**Problem requirements:**
The listing below is to be given again in full and word for word, without its images.

**Raw data:**
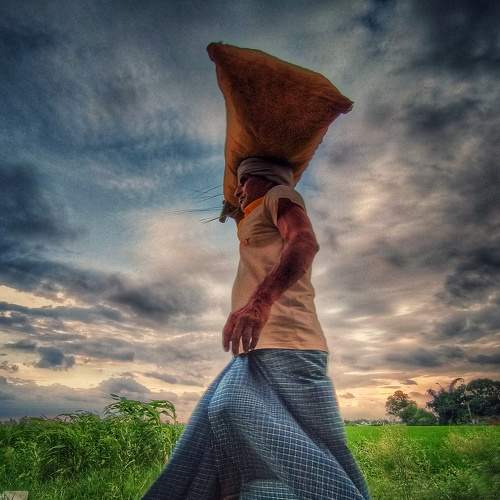 Photo #5570137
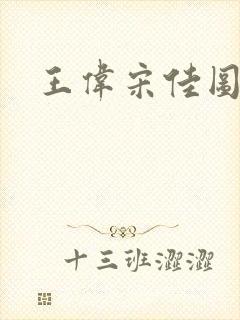 王伟宋佳图片封面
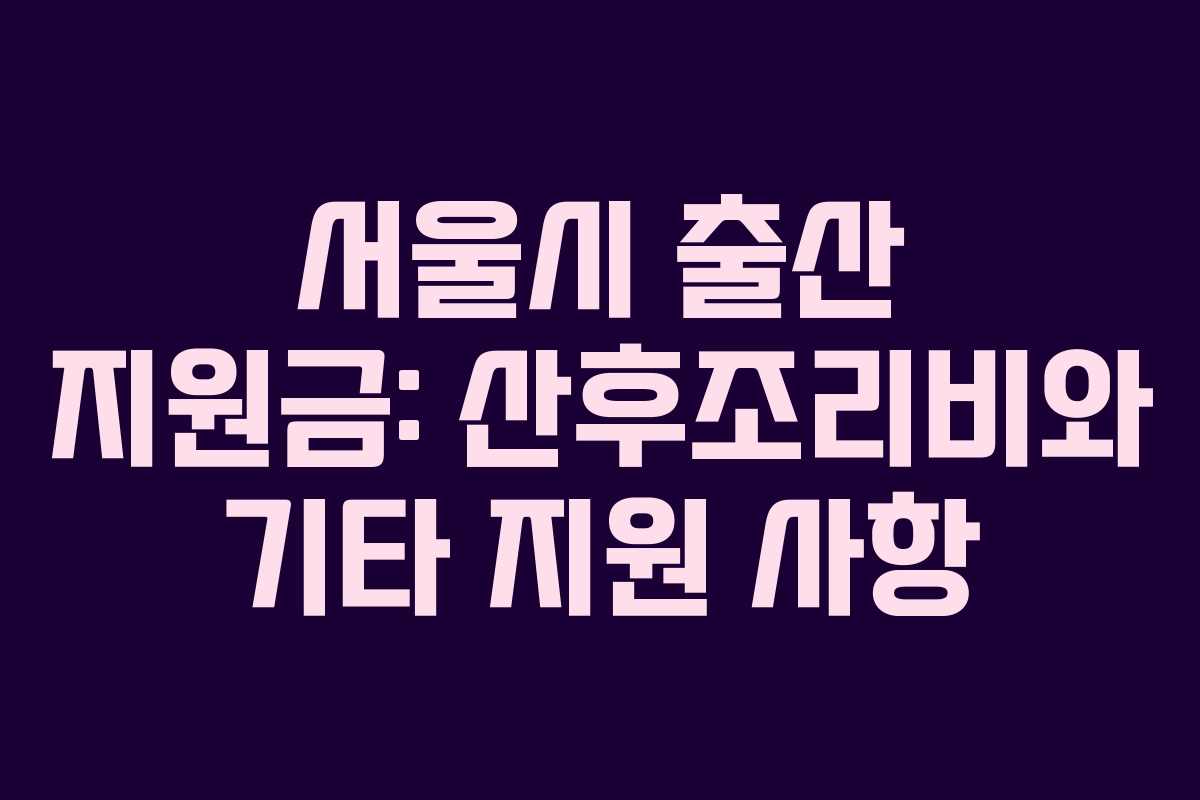 서울시 출산 지원금: 산후조리비와 기타 지원 사항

**Response to the exercise:**
 Photo #5570137
 王伟宋佳图片封面
 서울시 출산 지원금: 산후조리비와 기타 지원 사항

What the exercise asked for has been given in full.